[[ Dataset records open ]]

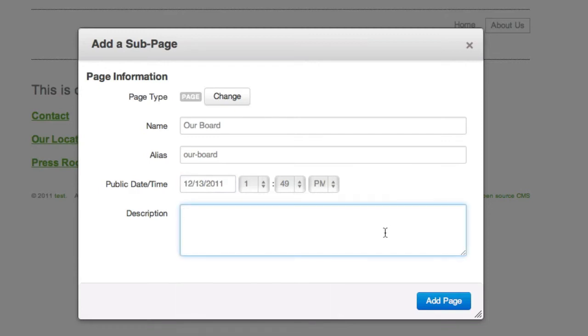The short description is used throughout Concrete 5 for different things. Our search engine will use it, different blocks will display it, and most templates will insert it as a meta description. So it's probably worth your while to put something there.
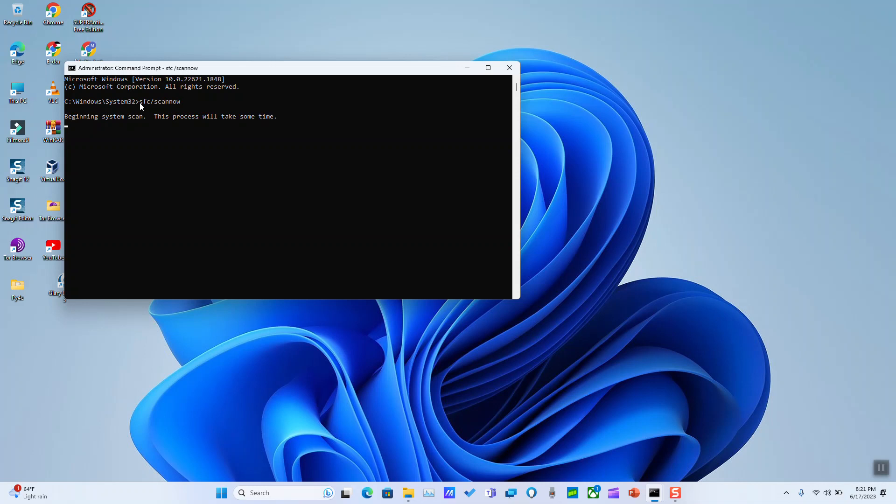The operation is supposed to take several seconds to up to a few minutes. So it will say beginning system scan. This process will take some time and it says beginning verification phase of system scan. Verification 5%, 10% will keep progressing. Please note that you might be asked to restart your computer and only then you'll be able to run this command. Just go ahead and restart to run the command.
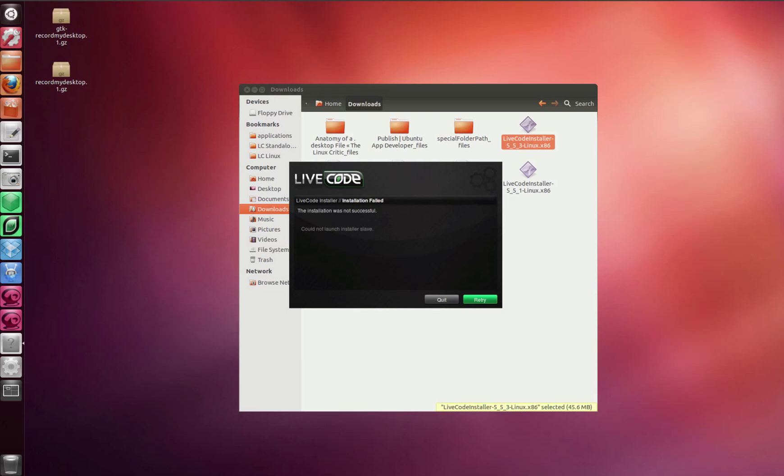Of course you have to put your password in, but for now I'm not going to do that because I'm doing this screen recording. But that will install LiveCode onto Linux if you've never successfully gotten it to work.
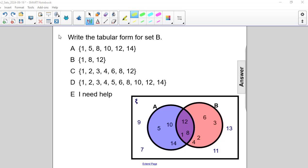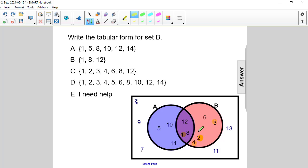Write the tabular form for set B. Well, set B is everything within the circle here for B, including the intersection. So we have 1, 2, 3, 4, 6, 8, and 12.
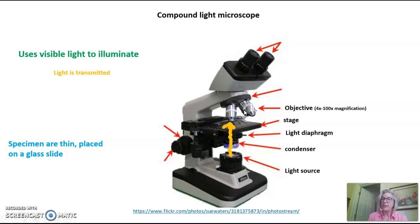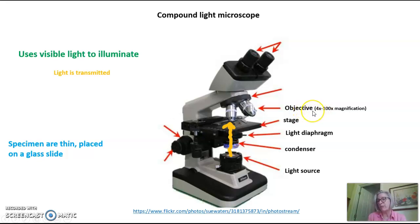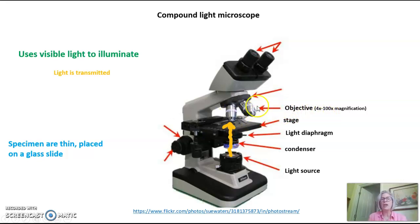There are different objectives that magnify to different levels. An objective can be as low as 4x magnification — and that x is critical, it's the unit of magnification, so you would always call this the 4x objective, never just the 4 objective. You can have a 10x objective or a 100x objective, and you would adjust these depending on what magnification you want to see.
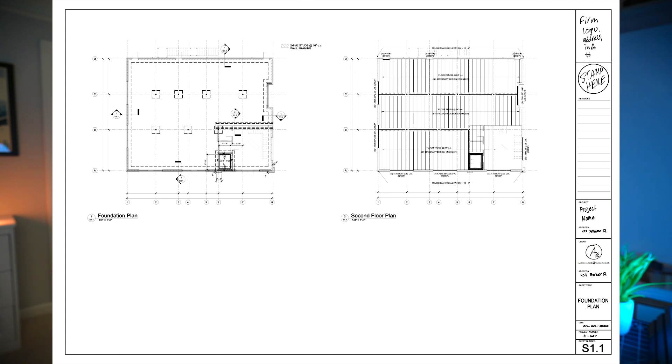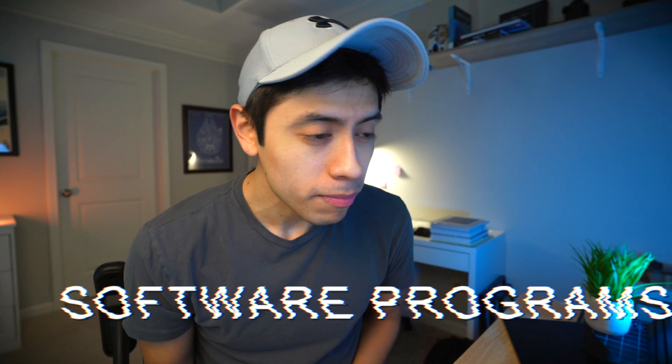We don't normally send out calculations with the project or with the set of drawings — calculations are more for in-house records. If anyone ever asks for them, they're there for us to send. It's also worth noting that no one usually asks for calculations unless something's gone terribly wrong, so it's important to have a good system of archiving all your calculations and past work.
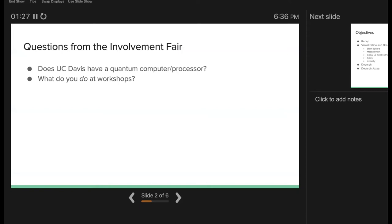One question was: does UC Davis have a quantum computer or processor? The University of Maryland has one in collaboration with IonQ. The national laboratories — Lawrence Livermore and Sandia National Labs, a former workplace of mine — have one as well. But UC Davis does not. We have an NMR system — nuclear magnetic resonance — but that's usually for imaging. You could use that methodology for quantum computing but I don't think the school has it set up for that.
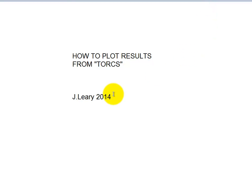In this video I'll show you how to get results from the TORCS simulation from your unmanned car so you can plot them in Excel.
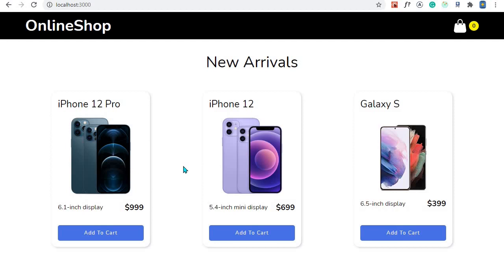Hey, what's up my friends. This episode marks the beginning of a new course in which we are going to create a complete shopping cart using React and Redux Toolkit. In this particular video I'll give you a quick overview of the application that we are going to create in this course, and I'll also give you a list of things that you will learn by taking this course.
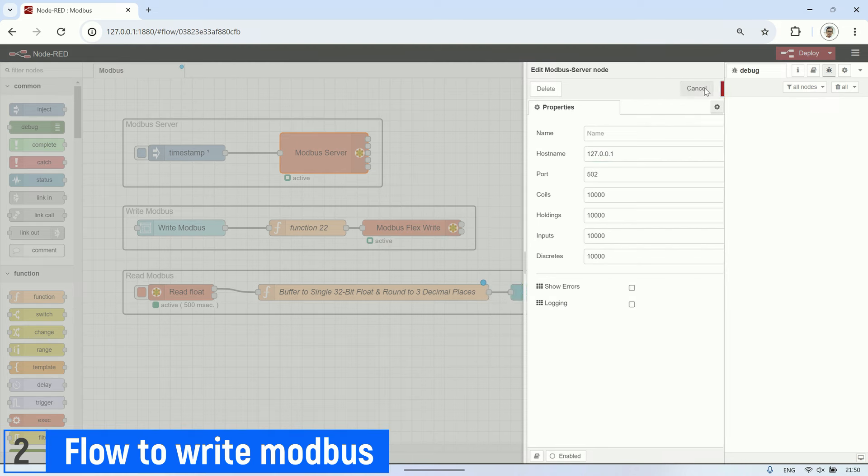Alright, we've successfully created a simple Node-RED flow to write a decimal float value to Modbus holding register address 0 and read its value. In the Node-RED dashboard, input the float value you want to write to the holding register in the form, and click write. This will write the value to the register.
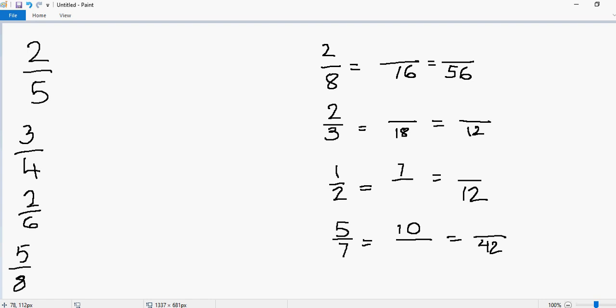Hi, in this video I'll tell you how to generate equivalent fractions. So let's look at the first example: 2 over 5. How do I generate another equivalent fraction to 2 over 5? What we're going to do is multiply something in both the denominator and numerator to generate equivalent fractions.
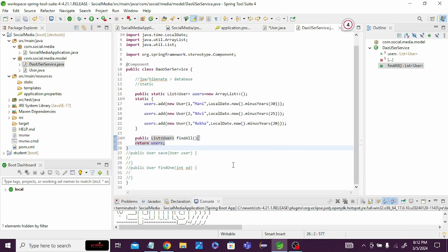In the next video we will learn how to create the API, retrieve data using findAll(), and store users using save(). That's it for this video — thank you for watching, and don't forget to subscribe to this YouTube channel.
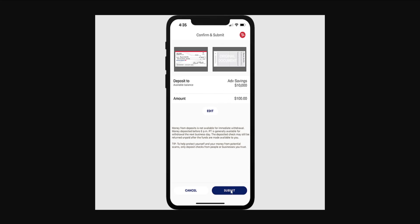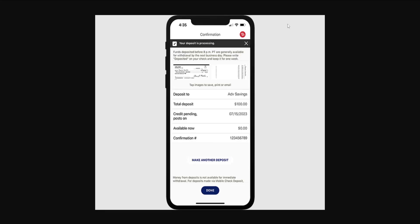The last step will be submitting it. Click on submit and it's going to show you something like this — your deposit is processing. It's going to take a little bit of time to process.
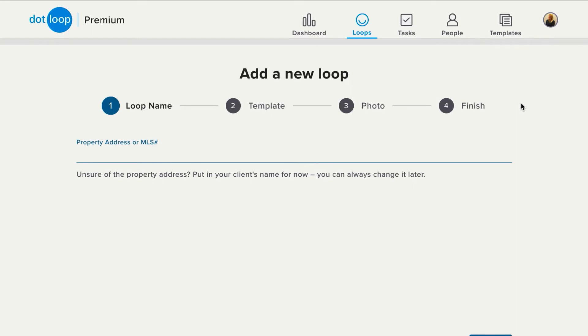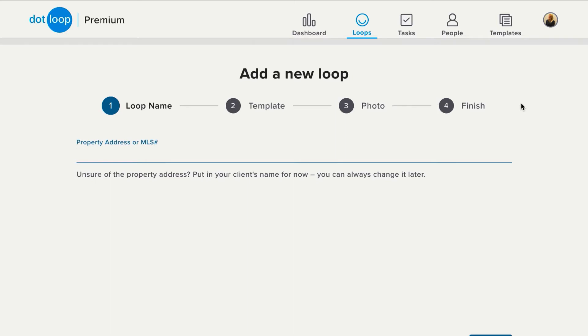Now, if you're working with a listing, you'll want to name the loop the property address. If you're working with buyers, go ahead and name the loop the buyer's names. You can always change it to the property address once a property has been chosen. This allows you to have one loop per closing instead of multiple loops per closing.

[[ Dataset records closed ]]

■ **Directions**:
Only the lines from the beginning of the listing up to and including the line with "One question was: does" should appear in the reply, copied word for word and free of pictures.

■ **Response to the exercise**:
The short description is used throughout Concrete 5 for different things. Our search engine will use it, different blocks will display it, and most templates will insert it as a meta description. So it's probably worth your while to put something there.
The operation is supposed to take several seconds to up to a few minutes. So it will say beginning system scan. This process will take some time and it says beginning verification phase of system scan. Verification 5%, 10% will keep progressing. Please note that you might be asked to restart your computer and only then you'll be able to run this command. Just go ahead and restart to run the command.
Of course you have to put your password in, but for now I'm not going to do that because I'm doing this screen recording. But that will install LiveCode onto Linux if you've never successfully gotten it to work.
Write the tabular form for set B. Well, set B is everything within the circle here for B, including the intersection. So we have 1, 2, 3, 4, 6, 8, and 12.
There are different objectives that magnify to different levels. An objective can be as low as 4x magnification — and that x is critical, it's the unit of magnification, so you would always call this the 4x objective, never just the 4 objective. You can have a 10x objective or a 100x objective, and you would adjust these depending on what magnification you want to see.
We don't normally send out calculations with the project or with the set of drawings — calculations are more for in-house records. If anyone ever asks for them, they're there for us to send. It's also worth noting that no one usually asks for calculations unless something's gone terribly wrong, so it's important to have a good system of archiving all your calculations and past work.
One question was: does UC Davis have a quantum computer or processor? The University of Maryland has one in collaboration with IonQ. The national laboratories — Lawrence Livermore and Sandia National Labs, a former workplace of mine — have one as well. But UC Davis does not. We have an NMR system — nuclear magnetic resonance — but that's usually for imaging. You could use that methodology for quantum computing but I don't think the school has it set up for that.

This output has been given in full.